When Brogdon was watching the Celtics stall within the finals, he saw an ideal place for him to step into the rotation and help with the burden the Smart-Tatum-Brown triumvirate was carrying.

“If I got here in there, I could give them a gentle presence and a relaxed as a ballhandler and facilitator, getting guys like Brown and Tatum easy shots,” Brogdon told The Athletic the day of the trade. “Just slowing the sport down in those moments when we want to get an excellent shot.”

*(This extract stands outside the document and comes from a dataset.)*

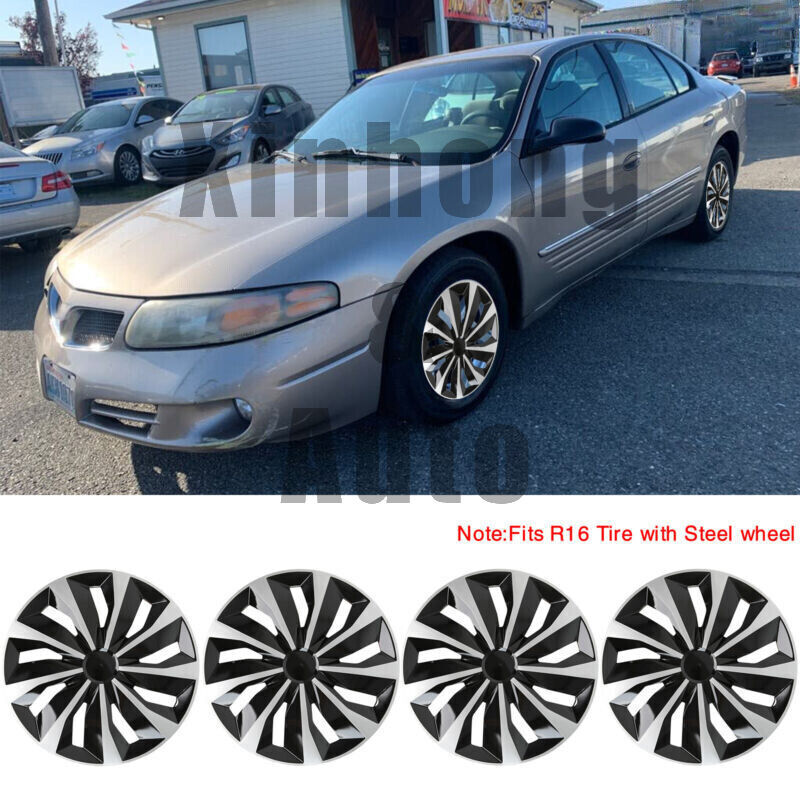 Pontiac Bonneville 16-Inch Hubcaps for R16 Steel Wheels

The deeper they got into the playoffs, the greater the necessity for a player who can stay grounded in the attention of the storm. It’s why the Celtics reportedly went after Kevin Durant, offering Jaylen Brown, Derrick White and a draft pick to Brooklyn in line with The Athletic’s Shams Charania.

Considering Smart’s name has been the primary name to pop up in Celtics trade talks for years, it was easy for him to tune the rumors out.

“For somebody who’s all the time talked about in trade talks, I didn’t really pay an excessive amount of mind to that. Until it actually happens, I don’t imagine it,” Smart said of the rumors. “We will sit here and say this person said this, but we don’t even know who said it. It’s like a telephone game. By the point it gets back to you, you don’t know what modified and who said what. Until it actually happens, I attempt to pay trade rumors no mind.”

Now the Celtics will return fully loaded, aiming for a smoother regular season and a less treacherous path toward a repeat finals trip. With training camp just a number of weeks away, Smart only has a number of more nights of sleepless remorse before he has no alternative but to maneuver forward.

“I’m glad to have the ability to say we now have the team still together,” Smart said. “We made a run and we left a bit bit on the table. We wish to run it back.”